• [EXERCISE OBJECTIVE] Please repeat the listing below exactly, but do not include its pictures.

BEGIN DATA SHOWN

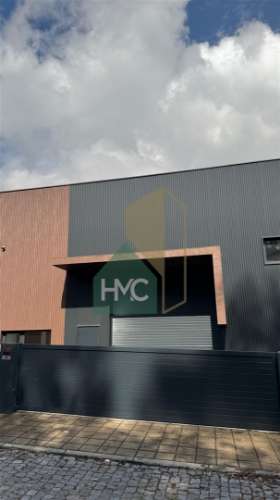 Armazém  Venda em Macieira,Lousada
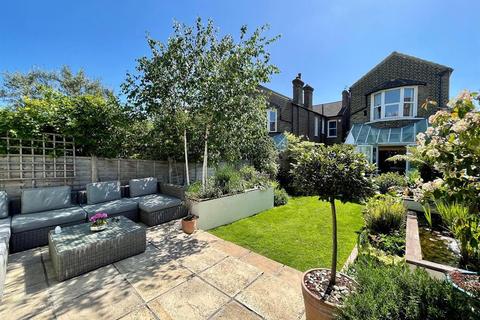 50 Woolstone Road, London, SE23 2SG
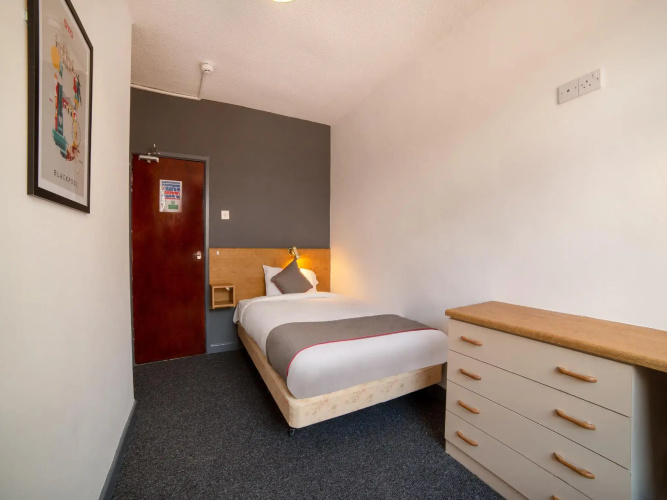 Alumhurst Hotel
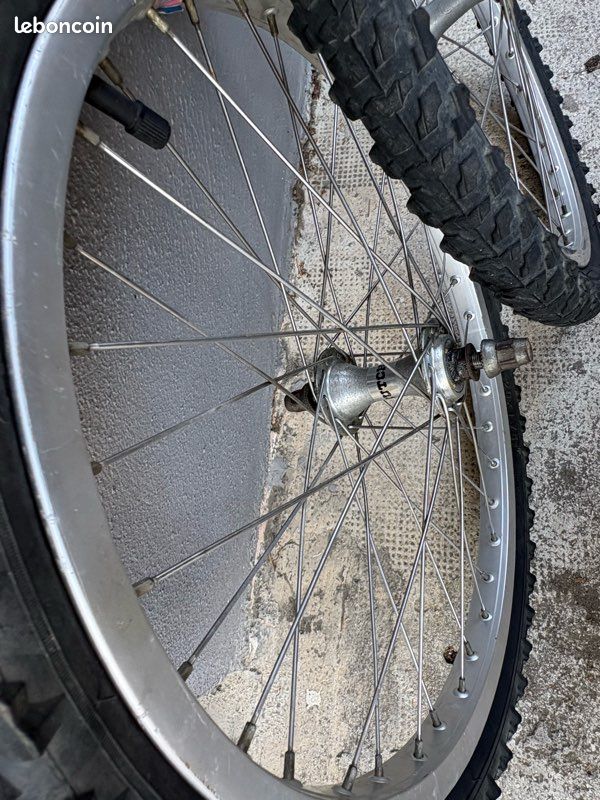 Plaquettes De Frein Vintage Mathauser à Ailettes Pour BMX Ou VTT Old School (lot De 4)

END DATA SHOWN

• [EXERCISE ANSWER]
 Armazém  Venda em Macieira,Lousada
 50 Woolstone Road, London, SE23 2SG
 Alumhurst Hotel
 Plaquettes De Frein Vintage Mathauser à Ailettes Pour BMX Ou VTT Old School (lot De 4)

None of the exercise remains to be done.